Builder to pay compensation for project delay

Shahin Mulla from Goa entered into an agreement with Utopia Projects Pvt. Ltd. on 24 February 2012 to purchase a flat paying Rs. 30 lakh in two instalments. The builder was scheduled to hand over possession on or before September 2013, with a grace period of four months. In August 2013, Shahin found that even the foundation had not been laid! She issued a legal notice to the builder. Since the notice was ignored, she complained to the Goa State Commission. Utopia Projects attributed the delay in the project to ‘force majeure’, i.e. unexpected circumstances, owing to ‘disputes with the contractor’.

The State Commission held that there was deficiency on the part of Utopia Projects and directed it to refund the complainant Rs. 30 lakh, with 5% interest from the date of payment of each instalment till the extended date of possession, i.e. 31 January 2014. In addition, a compensation of Rs. 1 lakh for mental agony (which would carry 9% interest if not paid within 30 days) and Rs. 50 per sq. ft. per month from 1 February 2014 till realisation would have to be paid. Aggrieved with the order, Utopia Projects filed an appeal before the National Commission.

The Verdict

Considering that the project had not been completed even during the grace period, the National Commission upheld the State Commission’s order on 1 April 2015. It observed that disputes with the contractor cannot be construed to be within the ambit of ‘force majure conditions’.

Point of law

A consumer who is not given possession of a house by the builder as per the committed date has the right to demand refund of the amount paid with interest and compensation.

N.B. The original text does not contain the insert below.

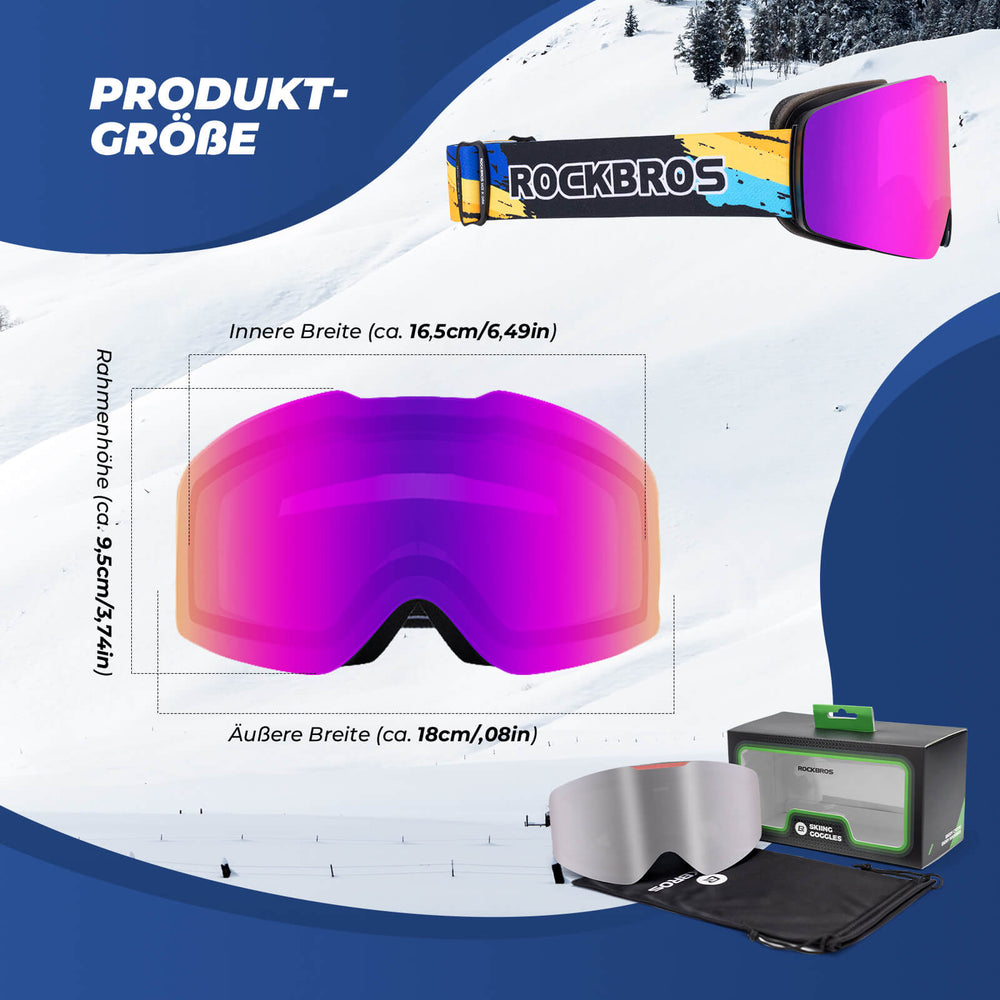 ROCKBROS Skibrille Schneebrille Polarisierte Helmkompatible Sportbrille Skifahren-Lila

Hotel told to refund part advance amount

Paresh Pandya, a senior citizen from Ahmedabad, booked a banquet hall at Hotel Platinum Residency on 6 April 2012 paying an advance of Rs. 51,000. The purpose was to host the wedding reception of his son on 15 February 2013. Due to unavoidable circumstances his son’s marriage was cancelled. Pandya approached the hotel’s management on 15 October 2012 in writing asking that the booking be cancelled and the booking amount be refunded.

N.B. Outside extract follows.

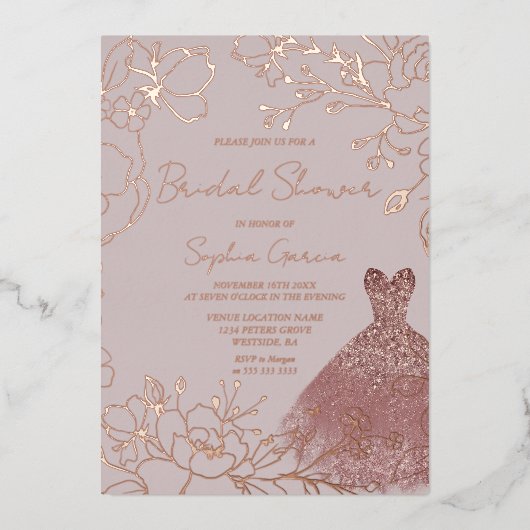 Elegant Roos & Blush Vrijgezellenfeest Roos Gold Folie Uitnodiging (Voorkant)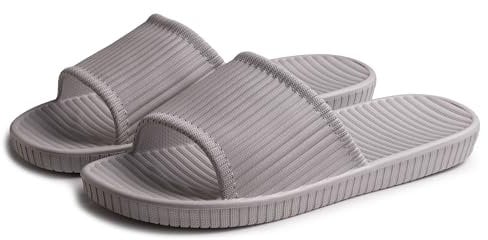 Lily Zone Men's Shower Slippers, Non-Slip Beach Pool Slide Sandals Bathroom House Shoes for Men (Grey, Adult, Men, 7.5, Numeric Range, UK Footwear Size System, 8.5, Medium)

The hotel declined saying that it would only give the refund if it received a booking for the same day. However, despite another function being held at the banquet hall on 15 February 2013, no refund was given. Meanwhile, Pandya’s son’s wedding was fixed again and he again approached the hotel for a booking. The hotel did not confirm the booking forcing Pandya to book another hall incurring additional expenses. Distressed, he contacted CERS and a complaint was filed before the Consumer Forum, Ahmedabad (Rural).

The verdict

The Forum partly allowed the complaint ordering the hotel to refund 50% of the booking amount i.e. Rs. 25,500 with 9% interest from the date of cancellation of booking till realisation. In addition, Rs. 2,000 was awarded to the complainant as compensation for mental agony and Rs. 1,000 towards litigation costs. The order had to be complied with within 30 days.

Point of law

If a customer cancels booking of a banquet hall due to unavoidable circumstances well in advance of the function he should be given at least 50% of the booking amount.